[[ Available data open ]]

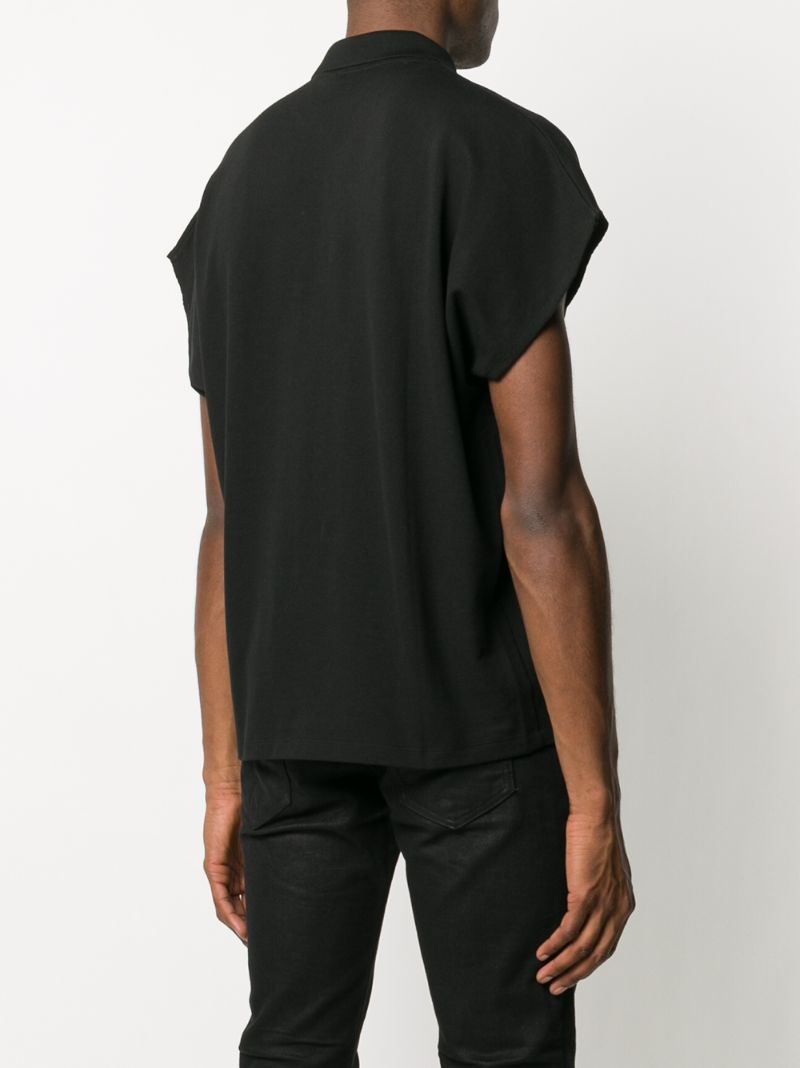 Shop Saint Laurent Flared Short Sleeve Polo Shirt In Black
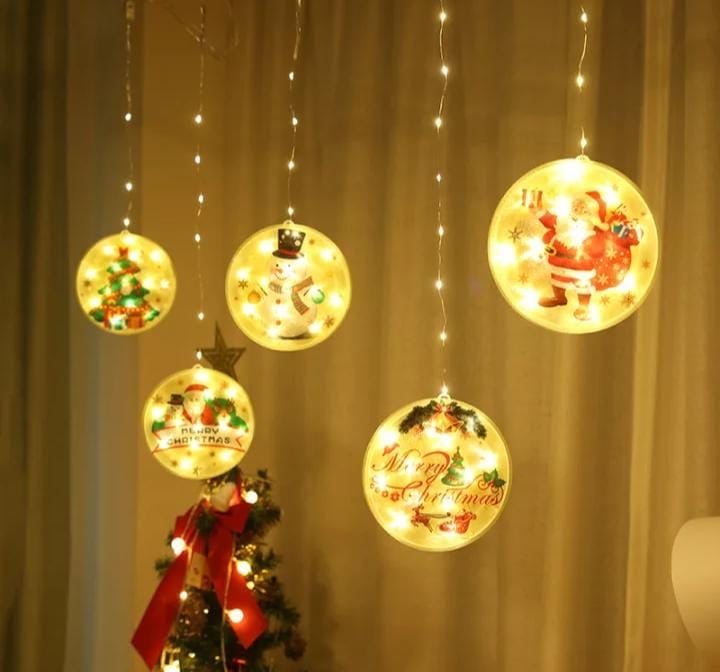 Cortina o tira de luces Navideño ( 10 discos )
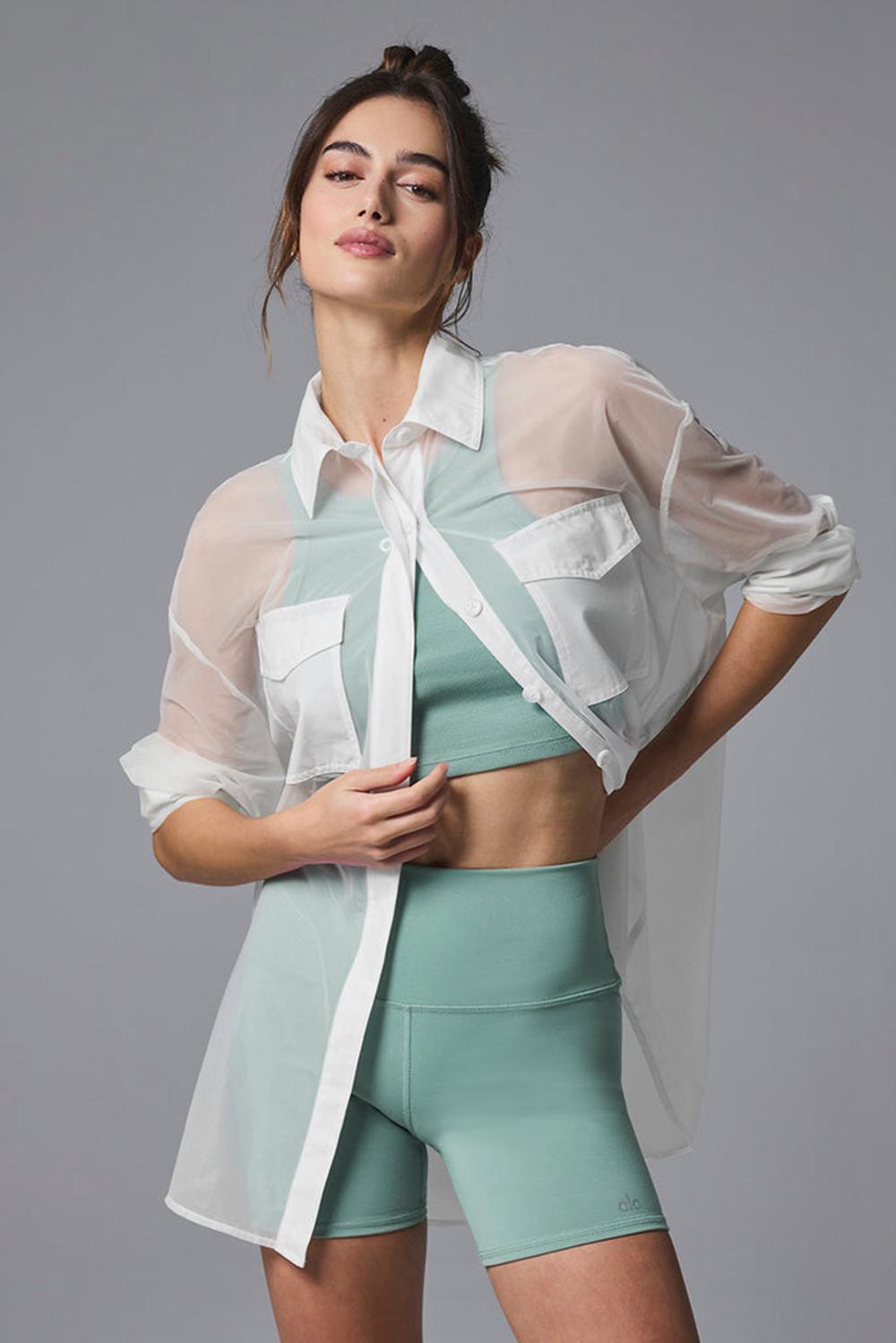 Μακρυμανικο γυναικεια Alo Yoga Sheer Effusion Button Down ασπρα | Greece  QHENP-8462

[[ Available data closed ]]

* **Activity**
Leave out the pictures and give the rest of the material again, unaltered.

* **Exercise result**
 Shop Saint Laurent Flared Short Sleeve Polo Shirt In Black
 Cortina o tira de luces Navideño ( 10 discos )
 Μακρυμανικο γυναικεια Alo Yoga Sheer Effusion Button Down ασπρα | Greece  QHENP-8462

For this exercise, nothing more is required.